Taking the plantlets off won't hurt, but there's no need to rush it and remove them. They can be left on the leaf indefinitely...until the old leaf dies off.

I can't confirm, but would not be surprised if being attached to the mother plant allows them to get nutrient that way, if the plantlet doesn't have much root/rhizome, removing them may actually slow their growth.


----------



## Tropicana (Feb 15, 2009)

indeed, these spores i have have about 1 inch roots lol and are little lumps all over the leaf lol..


----------



## Mr Fishies (Sep 21, 2007)

Are the leaves forming yet? If the leaves are small or non-existent, I'd leave them on to get bigger. I usually don't remove plantlets I intend to keep until they get to be close to 2 inches or so.


----------



## pat3612 (Jan 29, 2008)

S orry should have said that to leave them till they are a couple of inches.


----------



## Shattered (Feb 13, 2008)

I pretty much do like Mr.Fishes suggest, leave them till they detach on their own.


----------



## Tropicana (Feb 15, 2009)

The leaves are close to an inch atm lol, il probably leave them (Lazy) haha. Thanks for the heads up though.


----------



## Chris S (Dec 19, 2007)

When they are forming off the leaves like that, it is sometimes an indication that the plant is stressed. A really healthy hunk of java fern will more often grow via new rhizome growth.

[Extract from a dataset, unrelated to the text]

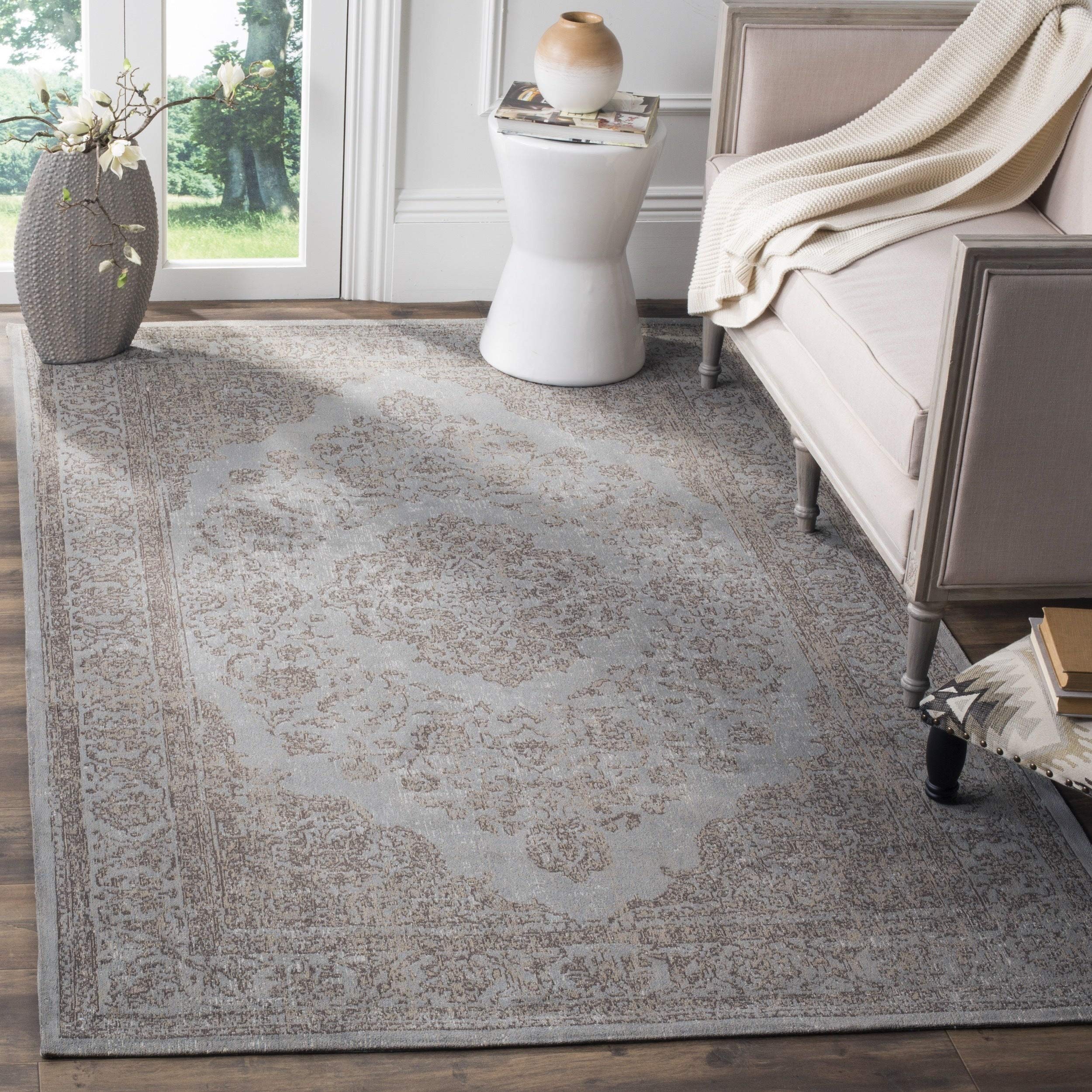 SAFAVIEH Classic Vintage Collection Accent Rug - 3' x 5', Grey, Oriental Medallion Cotton Design, Easy Care, Ideal for High Traffic Areas in Entryway,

It is especially an indication if the leaves they are forming off of are browning and withering away.


----------



## Tropicana (Feb 15, 2009)

ahh indeed, i agree, but that is only because the pj's we purchased them at only had leaves haha, no rhizome at all, only a tiny stem.  my java furn in my 180 has many new leaves growing out of its rhizome. and yes indeed, they are starting to brown though id rather 10 small plantlets then a large singuler leaf haha.


----------



## Shattered (Feb 13, 2008)

I had both, the growth was from the rhizome and from the biggest leaves. I think it was due to poor light filtering down to the bottom of the tank.


----------